— Activity —
With nothing added or dropped, copy the data that follows exactly.

·····

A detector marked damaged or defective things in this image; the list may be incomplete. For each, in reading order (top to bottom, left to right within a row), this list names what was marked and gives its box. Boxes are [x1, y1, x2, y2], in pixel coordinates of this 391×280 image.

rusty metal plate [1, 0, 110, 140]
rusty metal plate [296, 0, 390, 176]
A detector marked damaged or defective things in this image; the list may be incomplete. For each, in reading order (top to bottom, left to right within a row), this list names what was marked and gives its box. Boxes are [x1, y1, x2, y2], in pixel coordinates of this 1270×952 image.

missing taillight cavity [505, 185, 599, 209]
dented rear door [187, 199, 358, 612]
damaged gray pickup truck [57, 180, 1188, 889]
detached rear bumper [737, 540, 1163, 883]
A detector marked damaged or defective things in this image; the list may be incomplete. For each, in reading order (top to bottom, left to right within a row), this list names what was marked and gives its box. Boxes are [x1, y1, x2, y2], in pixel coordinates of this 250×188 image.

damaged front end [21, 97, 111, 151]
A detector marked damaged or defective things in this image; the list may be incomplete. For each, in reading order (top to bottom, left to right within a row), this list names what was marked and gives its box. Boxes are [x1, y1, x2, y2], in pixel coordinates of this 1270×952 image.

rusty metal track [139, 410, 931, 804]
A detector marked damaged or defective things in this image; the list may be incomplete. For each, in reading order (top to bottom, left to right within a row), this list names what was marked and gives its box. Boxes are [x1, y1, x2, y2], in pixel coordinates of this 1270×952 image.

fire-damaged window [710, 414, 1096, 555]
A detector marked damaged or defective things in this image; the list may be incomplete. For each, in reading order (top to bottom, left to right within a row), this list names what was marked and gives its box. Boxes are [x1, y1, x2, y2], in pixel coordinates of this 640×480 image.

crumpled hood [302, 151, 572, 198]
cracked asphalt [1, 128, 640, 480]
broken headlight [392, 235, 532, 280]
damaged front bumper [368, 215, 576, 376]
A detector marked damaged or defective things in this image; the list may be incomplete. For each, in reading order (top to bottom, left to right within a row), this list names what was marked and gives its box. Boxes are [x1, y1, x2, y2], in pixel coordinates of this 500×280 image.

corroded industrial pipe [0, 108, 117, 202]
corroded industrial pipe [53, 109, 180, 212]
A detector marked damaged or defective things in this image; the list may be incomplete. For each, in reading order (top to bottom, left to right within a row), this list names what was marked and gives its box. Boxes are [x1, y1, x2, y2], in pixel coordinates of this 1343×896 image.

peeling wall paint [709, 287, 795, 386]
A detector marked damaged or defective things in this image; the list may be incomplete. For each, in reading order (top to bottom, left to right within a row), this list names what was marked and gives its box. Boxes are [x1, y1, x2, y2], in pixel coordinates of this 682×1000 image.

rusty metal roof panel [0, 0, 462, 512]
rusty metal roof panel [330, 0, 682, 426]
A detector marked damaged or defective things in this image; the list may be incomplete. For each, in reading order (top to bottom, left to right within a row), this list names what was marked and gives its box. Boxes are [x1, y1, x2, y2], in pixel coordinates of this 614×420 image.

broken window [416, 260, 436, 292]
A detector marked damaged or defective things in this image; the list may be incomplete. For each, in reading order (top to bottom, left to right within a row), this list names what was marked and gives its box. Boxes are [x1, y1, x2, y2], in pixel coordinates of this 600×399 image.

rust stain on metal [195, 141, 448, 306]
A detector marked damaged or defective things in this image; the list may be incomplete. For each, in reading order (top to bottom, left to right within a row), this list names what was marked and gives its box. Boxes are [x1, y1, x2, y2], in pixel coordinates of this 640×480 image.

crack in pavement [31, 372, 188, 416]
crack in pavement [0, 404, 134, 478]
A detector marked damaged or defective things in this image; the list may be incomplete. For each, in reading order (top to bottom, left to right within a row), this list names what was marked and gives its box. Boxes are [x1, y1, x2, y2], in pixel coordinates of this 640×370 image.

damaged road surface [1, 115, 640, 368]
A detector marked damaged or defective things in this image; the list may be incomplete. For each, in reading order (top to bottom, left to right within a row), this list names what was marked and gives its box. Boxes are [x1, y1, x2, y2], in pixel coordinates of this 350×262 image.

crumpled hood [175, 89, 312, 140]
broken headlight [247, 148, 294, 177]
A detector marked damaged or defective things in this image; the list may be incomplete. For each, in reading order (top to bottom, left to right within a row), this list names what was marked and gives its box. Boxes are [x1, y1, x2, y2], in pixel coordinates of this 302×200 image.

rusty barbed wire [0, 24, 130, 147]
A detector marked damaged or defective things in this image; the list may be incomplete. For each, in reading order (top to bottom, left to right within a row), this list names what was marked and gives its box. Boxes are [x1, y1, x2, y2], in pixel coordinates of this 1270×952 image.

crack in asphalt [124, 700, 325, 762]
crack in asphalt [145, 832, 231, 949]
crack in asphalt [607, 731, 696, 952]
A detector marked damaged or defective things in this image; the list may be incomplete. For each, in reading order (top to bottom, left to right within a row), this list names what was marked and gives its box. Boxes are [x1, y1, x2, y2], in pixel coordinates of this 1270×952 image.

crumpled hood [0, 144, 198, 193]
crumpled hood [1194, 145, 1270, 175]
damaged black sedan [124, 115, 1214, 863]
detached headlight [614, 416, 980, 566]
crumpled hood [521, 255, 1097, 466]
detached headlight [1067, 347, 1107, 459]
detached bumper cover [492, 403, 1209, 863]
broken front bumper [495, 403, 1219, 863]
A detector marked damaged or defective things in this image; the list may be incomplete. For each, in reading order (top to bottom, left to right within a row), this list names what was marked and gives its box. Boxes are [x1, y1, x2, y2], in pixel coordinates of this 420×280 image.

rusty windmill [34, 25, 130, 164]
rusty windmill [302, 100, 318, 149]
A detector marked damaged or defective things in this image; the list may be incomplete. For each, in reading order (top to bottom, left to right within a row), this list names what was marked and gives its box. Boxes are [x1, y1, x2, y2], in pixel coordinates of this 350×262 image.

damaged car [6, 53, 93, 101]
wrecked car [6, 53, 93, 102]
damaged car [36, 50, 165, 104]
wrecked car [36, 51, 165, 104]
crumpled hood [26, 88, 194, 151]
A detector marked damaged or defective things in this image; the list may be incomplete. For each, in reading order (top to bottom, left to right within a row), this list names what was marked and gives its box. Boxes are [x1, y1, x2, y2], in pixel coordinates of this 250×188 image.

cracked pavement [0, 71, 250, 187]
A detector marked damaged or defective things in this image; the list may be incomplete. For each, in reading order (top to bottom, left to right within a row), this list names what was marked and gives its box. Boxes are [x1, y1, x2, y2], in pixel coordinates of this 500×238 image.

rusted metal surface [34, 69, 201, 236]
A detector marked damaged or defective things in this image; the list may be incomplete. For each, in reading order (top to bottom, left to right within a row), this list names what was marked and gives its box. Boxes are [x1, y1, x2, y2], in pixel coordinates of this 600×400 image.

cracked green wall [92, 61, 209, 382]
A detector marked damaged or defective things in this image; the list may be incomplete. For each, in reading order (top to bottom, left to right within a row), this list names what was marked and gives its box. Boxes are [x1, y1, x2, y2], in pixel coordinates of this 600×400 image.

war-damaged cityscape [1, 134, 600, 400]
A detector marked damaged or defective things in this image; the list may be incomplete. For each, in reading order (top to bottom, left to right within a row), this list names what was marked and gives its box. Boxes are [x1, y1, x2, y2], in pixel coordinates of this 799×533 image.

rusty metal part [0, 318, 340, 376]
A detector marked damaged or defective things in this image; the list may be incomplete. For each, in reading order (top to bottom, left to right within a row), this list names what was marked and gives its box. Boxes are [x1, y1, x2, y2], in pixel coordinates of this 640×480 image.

·····

— Answer box —
A detector marked damaged or defective things in this image; the list may be incomplete. For each, in reading order (top to bottom, left to right within a row), this list names what was marked and gives its box. Boxes are [x1, y1, x2, y2], in pixel coordinates of this 391×280 image.

rusty metal plate [1, 0, 110, 140]
rusty metal plate [296, 0, 390, 176]
A detector marked damaged or defective things in this image; the list may be incomplete. For each, in reading order (top to bottom, left to right within a row), this list names what was marked and gives its box. Boxes are [x1, y1, x2, y2], in pixel coordinates of this 1270×952 image.

missing taillight cavity [505, 185, 599, 209]
dented rear door [187, 199, 358, 612]
damaged gray pickup truck [57, 180, 1188, 889]
detached rear bumper [737, 540, 1163, 883]
A detector marked damaged or defective things in this image; the list may be incomplete. For each, in reading order (top to bottom, left to right within a row), this list names what was marked and gives its box. Boxes are [x1, y1, x2, y2], in pixel coordinates of this 250×188 image.

damaged front end [21, 97, 111, 151]
A detector marked damaged or defective things in this image; the list may be incomplete. For each, in reading order (top to bottom, left to right within a row), this list names what was marked and gives its box. Boxes are [x1, y1, x2, y2], in pixel coordinates of this 1270×952 image.

rusty metal track [139, 410, 931, 804]
A detector marked damaged or defective things in this image; the list may be incomplete. For each, in reading order (top to bottom, left to right within a row), this list names what was marked and gives its box. Boxes are [x1, y1, x2, y2], in pixel coordinates of this 1270×952 image.

fire-damaged window [710, 414, 1096, 555]
A detector marked damaged or defective things in this image; the list may be incomplete. For each, in reading order (top to bottom, left to right within a row), this list names what was marked and gives its box. Boxes are [x1, y1, x2, y2], in pixel coordinates of this 640×480 image.

crumpled hood [302, 151, 572, 198]
cracked asphalt [1, 128, 640, 480]
broken headlight [392, 235, 532, 280]
damaged front bumper [368, 215, 576, 376]
A detector marked damaged or defective things in this image; the list may be incomplete. For each, in reading order (top to bottom, left to right within a row), this list names what was marked and gives its box. Boxes are [x1, y1, x2, y2], in pixel coordinates of this 500×280 image.

corroded industrial pipe [0, 108, 117, 202]
corroded industrial pipe [53, 109, 180, 212]
A detector marked damaged or defective things in this image; the list may be incomplete. For each, in reading order (top to bottom, left to right within a row), this list names what was marked and gives its box. Boxes are [x1, y1, x2, y2], in pixel coordinates of this 1343×896 image.

peeling wall paint [709, 287, 795, 386]
A detector marked damaged or defective things in this image; the list may be incomplete. For each, in reading order (top to bottom, left to right within a row), this list names what was marked and gives its box. Boxes are [x1, y1, x2, y2], in pixel coordinates of this 682×1000 image.

rusty metal roof panel [0, 0, 462, 512]
rusty metal roof panel [330, 0, 682, 426]
A detector marked damaged or defective things in this image; the list may be incomplete. For each, in reading order (top to bottom, left to right within a row), this list names what was marked and gives its box. Boxes are [x1, y1, x2, y2], in pixel coordinates of this 614×420 image.

broken window [416, 260, 436, 292]
A detector marked damaged or defective things in this image; the list may be incomplete. For each, in reading order (top to bottom, left to right within a row), this list names what was marked and gives its box. Boxes are [x1, y1, x2, y2], in pixel coordinates of this 600×399 image.

rust stain on metal [195, 141, 448, 306]
A detector marked damaged or defective things in this image; the list may be incomplete. For each, in reading order (top to bottom, left to right within a row), this list names what was marked and gives its box. Boxes are [x1, y1, x2, y2], in pixel coordinates of this 640×480 image.

crack in pavement [31, 372, 188, 416]
crack in pavement [0, 404, 134, 478]
A detector marked damaged or defective things in this image; the list may be incomplete. For each, in reading order (top to bottom, left to right within a row), this list names what was marked and gives its box. Boxes are [x1, y1, x2, y2], in pixel coordinates of this 640×370 image.

damaged road surface [1, 115, 640, 368]
A detector marked damaged or defective things in this image; the list may be incomplete. For each, in reading order (top to bottom, left to right within a row), this list names what was marked and gives its box. Boxes are [x1, y1, x2, y2], in pixel coordinates of this 350×262 image.

crumpled hood [175, 89, 312, 140]
broken headlight [247, 148, 294, 177]
A detector marked damaged or defective things in this image; the list may be incomplete. For each, in reading order (top to bottom, left to right within a row), this list names what was marked and gives its box. Boxes are [x1, y1, x2, y2], in pixel coordinates of this 302×200 image.

rusty barbed wire [0, 24, 130, 147]
A detector marked damaged or defective things in this image; the list may be incomplete. For each, in reading order (top to bottom, left to right within a row), this list names what was marked and gives its box. Boxes are [x1, y1, x2, y2], in pixel coordinates of this 1270×952 image.

crack in asphalt [124, 700, 325, 762]
crack in asphalt [145, 832, 231, 949]
crack in asphalt [607, 731, 696, 952]
A detector marked damaged or defective things in this image; the list may be incomplete. For each, in reading order (top to bottom, left to right within a row), this list names what was marked and gives its box. Boxes are [x1, y1, x2, y2], in pixel coordinates of this 1270×952 image.

crumpled hood [0, 144, 198, 193]
crumpled hood [1194, 145, 1270, 175]
damaged black sedan [124, 115, 1214, 863]
detached headlight [614, 416, 980, 566]
crumpled hood [521, 255, 1097, 466]
detached headlight [1067, 347, 1107, 459]
detached bumper cover [492, 403, 1209, 863]
broken front bumper [495, 403, 1219, 863]
A detector marked damaged or defective things in this image; the list may be incomplete. For each, in reading order (top to bottom, left to right within a row), this list names what was marked and gives its box. Boxes are [x1, y1, x2, y2], in pixel coordinates of this 420×280 image.

rusty windmill [34, 25, 130, 164]
rusty windmill [302, 100, 318, 149]
A detector marked damaged or defective things in this image; the list may be incomplete. For each, in reading order (top to bottom, left to right within a row), this list names what was marked and gives its box. Boxes are [x1, y1, x2, y2], in pixel coordinates of this 350×262 image.

damaged car [6, 53, 93, 101]
wrecked car [6, 53, 93, 102]
damaged car [36, 50, 165, 104]
wrecked car [36, 51, 165, 104]
crumpled hood [26, 88, 194, 151]
A detector marked damaged or defective things in this image; the list may be incomplete. For each, in reading order (top to bottom, left to right within a row), this list names what was marked and gives its box. Boxes are [x1, y1, x2, y2], in pixel coordinates of this 250×188 image.

cracked pavement [0, 71, 250, 187]
A detector marked damaged or defective things in this image; the list may be incomplete. For each, in reading order (top to bottom, left to right within a row), this list names what was marked and gives its box. Boxes are [x1, y1, x2, y2], in pixel coordinates of this 500×238 image.

rusted metal surface [34, 69, 201, 236]
A detector marked damaged or defective things in this image; the list may be incomplete. For each, in reading order (top to bottom, left to right within a row), this list names what was marked and gives its box. Boxes are [x1, y1, x2, y2], in pixel coordinates of this 600×400 image.

cracked green wall [92, 61, 209, 382]
A detector marked damaged or defective things in this image; the list may be incomplete. For each, in reading order (top to bottom, left to right within a row), this list names what was marked and gives its box. Boxes are [x1, y1, x2, y2], in pixel coordinates of this 600×400 image.

war-damaged cityscape [1, 134, 600, 400]
A detector marked damaged or defective things in this image; the list may be incomplete. For each, in reading order (top to bottom, left to right within a row), this list names what was marked and gives its box. Boxes are [x1, y1, x2, y2], in pixel coordinates of this 799×533 image.

rusty metal part [0, 318, 340, 376]
A detector marked damaged or defective things in this image; the list may be incomplete. For each, in reading order (top to bottom, left to right within a row), this list names what was marked and gives its box. Boxes are [x1, y1, x2, y2], in pixel coordinates of this 640×480 image.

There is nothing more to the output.